__Raw data__.

......

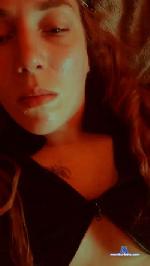 Uhleesuh cam4 livecam show performer room profile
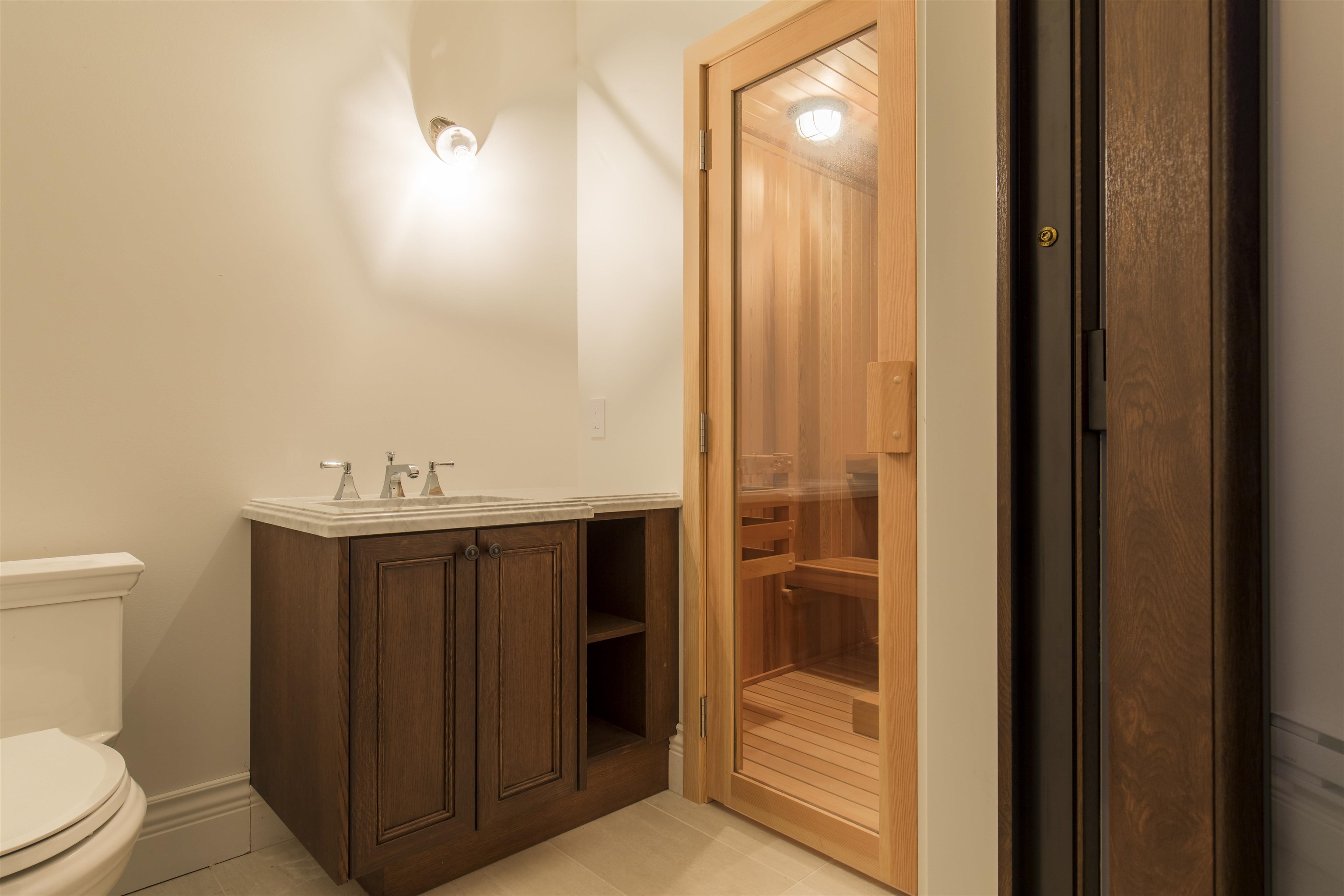 Listing image of 2809 EDGEMONT BOULEVARD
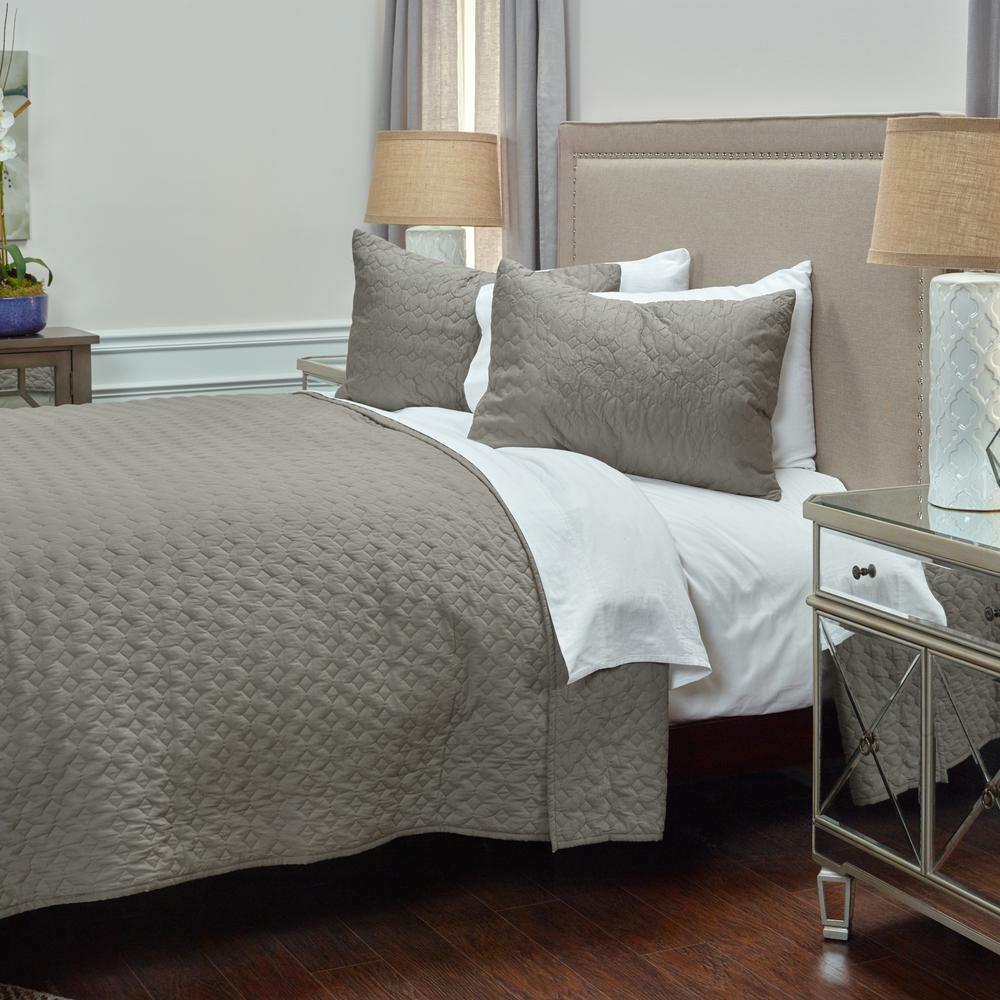 Rizzy Home 90" x 92" Quilt- BT1801. Picture 3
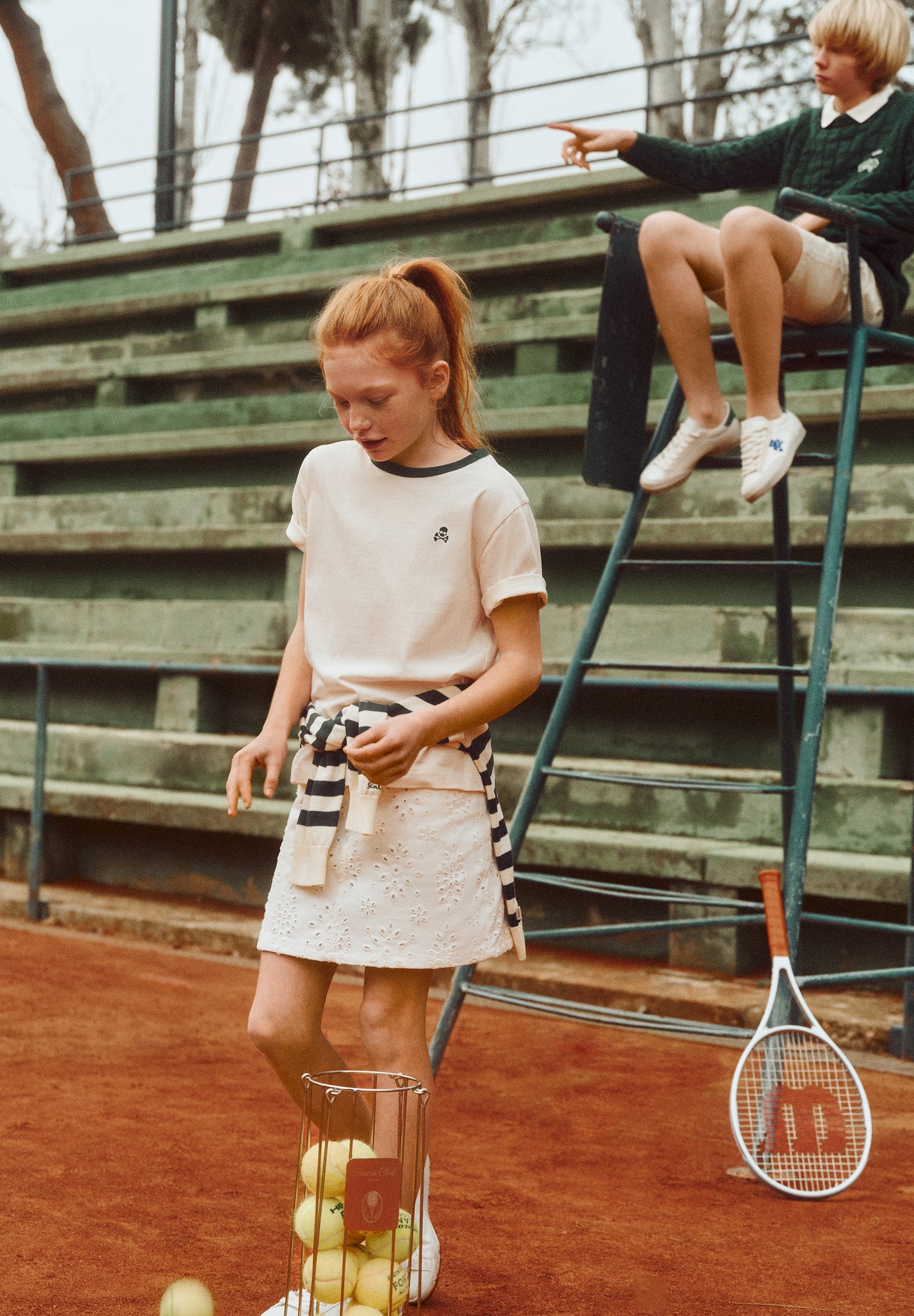 FALDA MINI PERFORADA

......

__Exercise objective__. What you give back should be exactly the lines from the line holding "BT1801. Picture 3" through the final line of the material, both ends included, and please leave out the pictures.

__Exercise solution__.
 Rizzy Home 90" x 92" Quilt- BT1801. Picture 3
 FALDA MINI PERFORADA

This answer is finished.